# Research and Study

The first step was to understand various architectures used in chatbot development. We explored Seq2Seq, Transformers, and GPT models in this course:

Seq2Seq models encode the input sequence and generate the output sequence. However, they struggle with long-term dependencies because the model tends to forget the earlier parts of conversations.
Transformers, on the other hand, introduced the self-attention mechanism, which allows the model to focus on relevant parts of the input sequence, thus handling long-range dependencies better ( Lewis Tunstall)

GPT-2 (Generative Pre-trained Transformer 2) is a Transformer-based model that excels at generating human-like text and handling multi-turn dialogues due to its ability to manage long-term context using its pre-trained knowledge.
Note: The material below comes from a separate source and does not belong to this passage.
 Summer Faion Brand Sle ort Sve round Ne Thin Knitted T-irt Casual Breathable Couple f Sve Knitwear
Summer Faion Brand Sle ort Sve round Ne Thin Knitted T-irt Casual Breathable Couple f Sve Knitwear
# Data Collection and Preprocessing 

The Cornell Movie Dialogs Corpus was selected for training. It contains over 220,000 conversational exchanges from movies​(README). The preprocessing phase involved tokenizing the dialogues, managing conversation turns, and cleaning the data.

## Preprocessing Code

In [6]:
# Load the Cornell Movie Dialogs Corpus
movie_lines_file = "/Users/bandito2/Documents/FA24/usdjourney/aai520/final-project/archive/movie_lines.txt"
movie_conversations_file = "/Users/bandito2/Documents/FA24/usdjourney/aai520/final-project/archive/movie_conversations.txt"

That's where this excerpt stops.